• **BRIEF**:
Going line by line through the records below, write out everything starting with the line containing "Wholesale Felt Letter" and going on through the line containing "Shop Apartment at", exactly and inclusively. Pictures do not go in.

:: DATA SUPPLIED ::

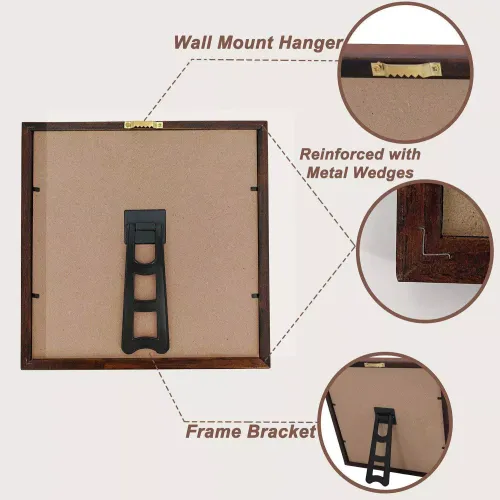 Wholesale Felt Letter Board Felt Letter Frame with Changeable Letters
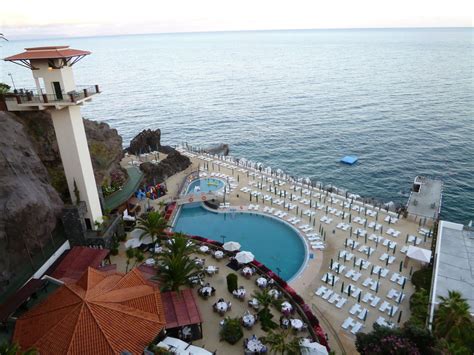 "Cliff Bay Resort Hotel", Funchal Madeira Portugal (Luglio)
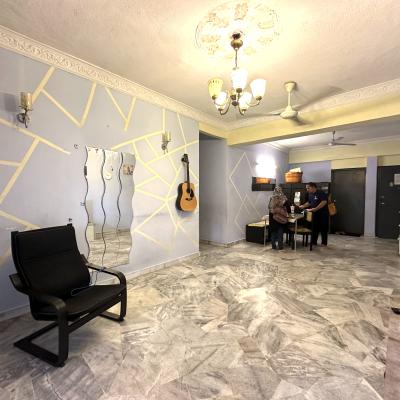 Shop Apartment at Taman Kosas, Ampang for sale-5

:::
:: DATA SUPPLIED ::

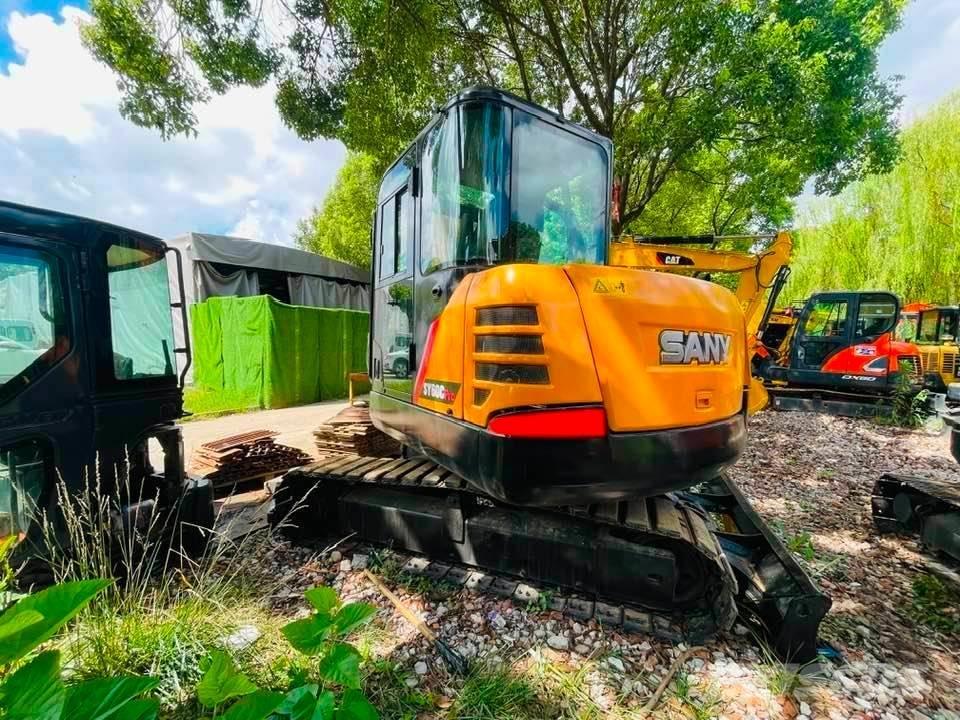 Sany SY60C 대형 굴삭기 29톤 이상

:::

• **YOUR RESPONSE**:
 Wholesale Felt Letter Board Felt Letter Frame with Changeable Letters
 "Cliff Bay Resort Hotel", Funchal Madeira Portugal (Luglio)
 Shop Apartment at Taman Kosas, Ampang for sale-5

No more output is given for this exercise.